In [239]:
from skfp.datasets.moleculenet import load_bace, load_clintox
from skfp.model_selection import scaffold_train_test_split
from skfp.fingerprints import ECFPFingerprint, MACCSFingerprint, RDKitFingerprint
from skfp.preprocessing import MolFromSmilesTransformer

from sklearn.ensemble import RandomForestClassifier, GradientBoostingClassifier
from sklearn.linear_model import LogisticRegression
from sklearn.pipeline import make_pipeline, make_union
from sklearn.metrics import accuracy_score, classification_report, roc_auc_score, confusion_matrix

## Classification with the Logistic regression and RFC based on the clintox dataset; wihout filtering molecules

### Clintox dataset split

In [240]:
smiles, labels = load_bace()

In [241]:
#labels = [l[0] for l in labels]

In [242]:
smiles_train, smiles_test, y_train, y_test = scaffold_train_test_split(
    smiles, labels, test_size=0.2
)

### Checking the class distibution of the dataset 

In [243]:
print(f"Class distribution: {np.bincount(labels)}")
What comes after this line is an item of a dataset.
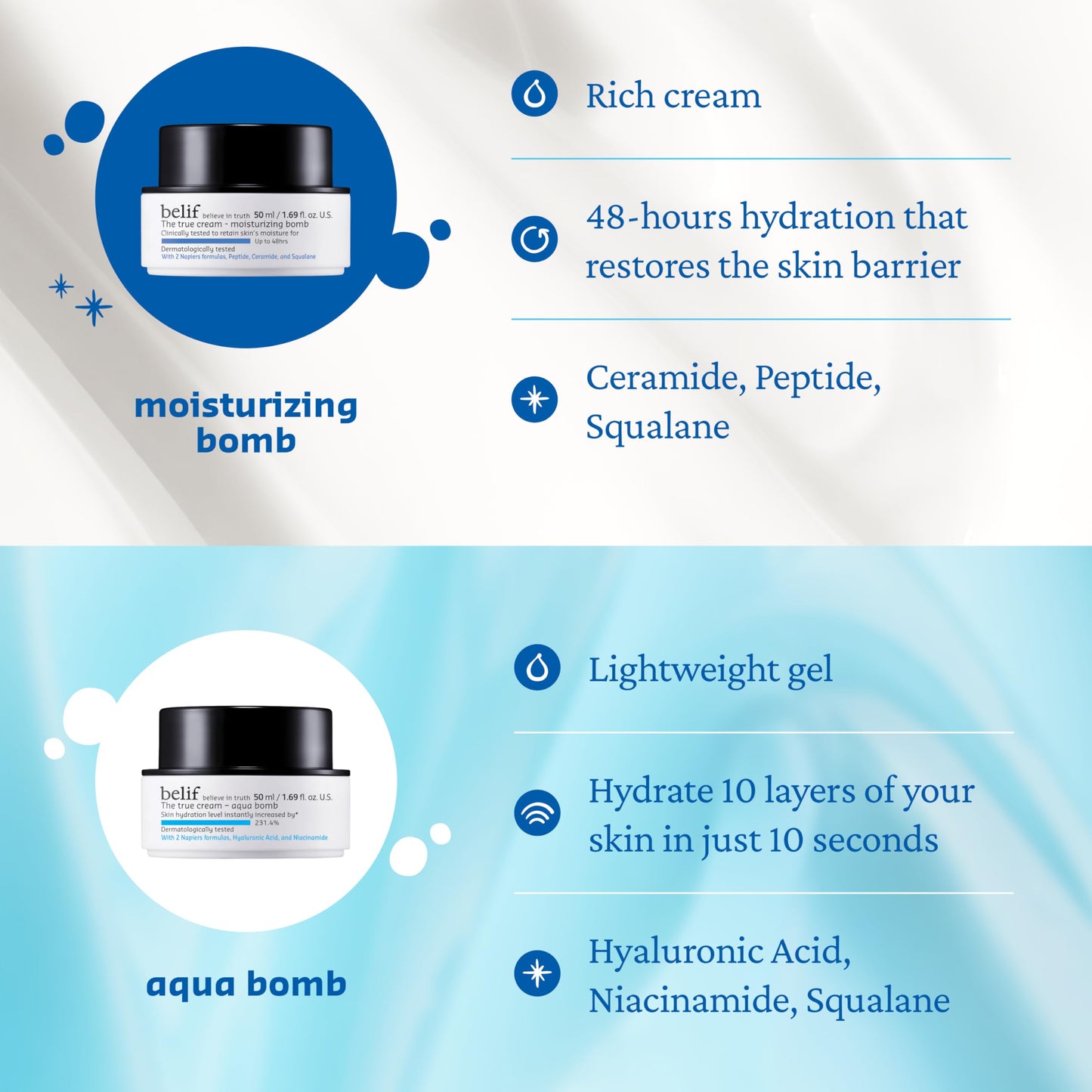 belif The True Cream Moisturizing Bomb - 48hr Intense Hydration with Peptide, Ceramide & Squalane, Milky & Lightweight Daily Moisturizer, Restores Skin Barrier, Korean Skincare, 1.68 fl. oz. (100ml)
Class distribution: [822 691]


## Baseline with Logistic regression model

In [244]:
baseline_pipeline = make_pipeline( 
    MolFromSmilesTransformer(),
    make_union(ECFPFingerprint(count=True), MACCSFingerprint()),
    LogisticRegression(max_iter=1000)
)

In [245]:
baseline_pipeline.fit(smiles_train, y_train)
y_pred = baseline_pipeline.predict(smiles_test)
y_proba = baseline_pipeline.predict_proba(smiles_test) 

In [246]:
accuracy = accuracy_score(y_test, y_pred)
print(f"Accuracy for Linear regression model: {accuracy:.4f}")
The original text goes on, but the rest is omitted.